APPLE VALLEY, Minn - On a day that's considered to be the "Super Bowl" of shopping, some Walmart workers warn they'll be walking off the job, including employees in Minnesota.
More than 1,000 protests are planned across the country, from Milwaukee to Chicago and in St. Paul, at the Walmart at 1450 University Avenue in St. Paul, Friday at 11 a.m.
Gabe Teneyuque, 30, an Apple Valley Walmart employee, says he will be among the protesters, as part of the group OUR Walmart, a national organization formed by frustrated workers, and says the planned walk-off isn't about working on Thanksgiving night, but how employees are treated all year long.
He says he took a job in the electronics department last year to help support his parents, but working conditions he encountered were "eye opening." He says many workers are afraid to speak out about their low wages, short hours, and changing schedules.
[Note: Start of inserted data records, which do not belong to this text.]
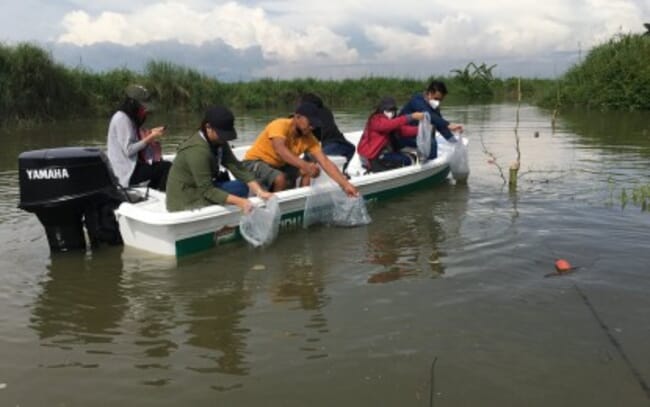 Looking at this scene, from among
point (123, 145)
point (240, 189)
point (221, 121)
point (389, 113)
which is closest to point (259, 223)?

"Everyone goes there because the prices are good, but it's got to come from somewhere and from what I have seen it's not coming from the top," said Teneyuque.
Teneyuque says he earns $9.00 an hour part time, and has been unable to secure a full time position with benefits, and many of his co-workers are in the same situation. This Black Friday, he hopes shoppers will encourage Walmart to improve conditions.
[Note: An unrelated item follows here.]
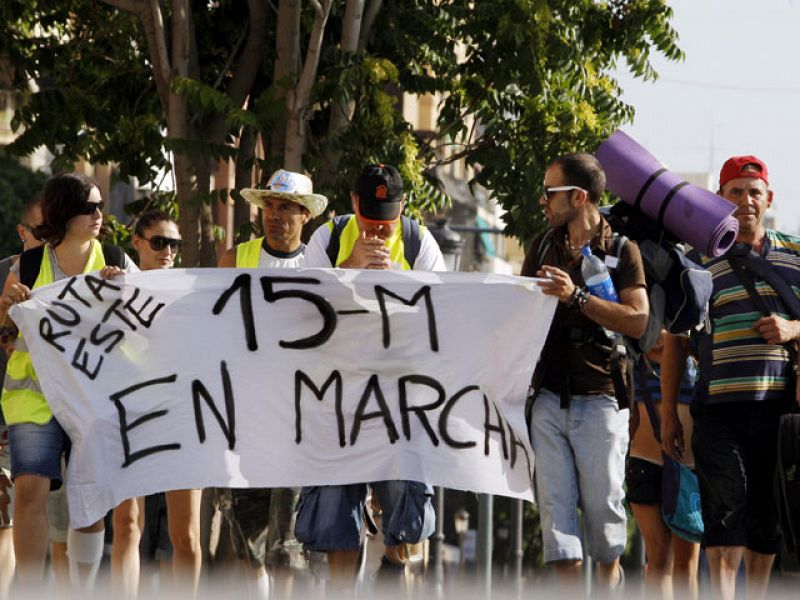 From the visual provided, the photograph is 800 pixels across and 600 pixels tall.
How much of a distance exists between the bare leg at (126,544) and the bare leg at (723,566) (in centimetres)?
267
"Just by increasing wages and making health care affordable, Walmart can turn this country around, they have that power, to raise up the poverty level," said Teneyuque. "Something we can live on and be comfortable, not be on food stamps, not having to worry about paying bills and feeding family."
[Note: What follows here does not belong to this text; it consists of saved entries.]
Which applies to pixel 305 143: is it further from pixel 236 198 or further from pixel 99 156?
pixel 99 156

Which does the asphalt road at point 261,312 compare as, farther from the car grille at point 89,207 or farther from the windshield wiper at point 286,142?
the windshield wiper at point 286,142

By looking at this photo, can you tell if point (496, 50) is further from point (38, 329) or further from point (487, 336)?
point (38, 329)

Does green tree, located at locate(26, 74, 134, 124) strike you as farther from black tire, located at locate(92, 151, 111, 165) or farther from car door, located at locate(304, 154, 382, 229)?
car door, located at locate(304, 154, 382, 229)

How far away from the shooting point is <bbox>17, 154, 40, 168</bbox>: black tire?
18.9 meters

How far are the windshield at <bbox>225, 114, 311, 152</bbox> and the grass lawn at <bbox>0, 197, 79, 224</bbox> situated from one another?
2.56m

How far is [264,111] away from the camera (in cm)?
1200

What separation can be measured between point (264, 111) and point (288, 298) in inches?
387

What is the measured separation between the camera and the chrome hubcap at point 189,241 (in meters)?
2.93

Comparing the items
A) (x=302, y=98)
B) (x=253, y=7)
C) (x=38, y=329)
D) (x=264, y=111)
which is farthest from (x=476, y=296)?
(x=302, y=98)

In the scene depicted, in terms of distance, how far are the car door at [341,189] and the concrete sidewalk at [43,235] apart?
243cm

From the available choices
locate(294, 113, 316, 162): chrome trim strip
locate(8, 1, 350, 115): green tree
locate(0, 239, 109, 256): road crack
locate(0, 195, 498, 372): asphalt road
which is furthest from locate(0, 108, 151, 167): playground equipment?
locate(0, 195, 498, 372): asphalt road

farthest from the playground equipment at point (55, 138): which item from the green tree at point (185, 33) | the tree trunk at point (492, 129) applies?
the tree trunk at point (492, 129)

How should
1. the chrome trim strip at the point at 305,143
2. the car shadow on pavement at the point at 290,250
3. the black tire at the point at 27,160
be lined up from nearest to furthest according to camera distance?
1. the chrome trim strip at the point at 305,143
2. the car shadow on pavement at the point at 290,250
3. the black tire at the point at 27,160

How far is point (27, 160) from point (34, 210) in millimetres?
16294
In a statement, Walmart says its' pay and benefit plans are as good or better than retail competitors, including those unionized, and shoppers won't notice any disruptions when doors open at 8 p.m., or at their big electronics event at 10 p.m., and Friday morning kickoff at 5 a.m.
"Black Friday for us is the Superbowl of retail , we have a great plan in place and we don't feel like there is any other retailer set up to win like Walmart," said Sarah Spencer, a Walmart spokesperson offering media an early Black Friday preview at the company's Brooklyn Center store.
"They are nervous and they should be, it's time," said Bernie Hesse, an organizer with the United Food and Commercial Workers Union, Local 1189, the union supporting the Walmart workers in their protests.
"What I would say to folks is, economic choices are moral choices. When you shop not only do you want to get value, but also think about the worker in the store and the value they have," said Hesse.
Walmart filed a complaint with the National Labor Relations Board, claiming that UFCW's involvement in the picketing is illegal.
In an email to KARE 11, Walmart said, "We recognize that not everyone is going to find what they are looking for in their job - that's true of any workplace. The reality is that there are only a handful of associates, at a handful of stores scattered across the country that are participating in these UFCW made for TV events. Most of the numbers of people the UFCW claims at their events aren't even Walmart workers. They are union representatives and other union members. The overwhelming majority of our 1.3 million associates are excited about Black Friday and are ready to serve our customers."
Teneyuque isn't sure what will happen when he walks off the job Friday, but says it's worth the risk.
"The way I see it if a company like Walmart wants you gone, they will find a way, and that is what worries me, but I see the end gain, I see the future and what it can be," he said.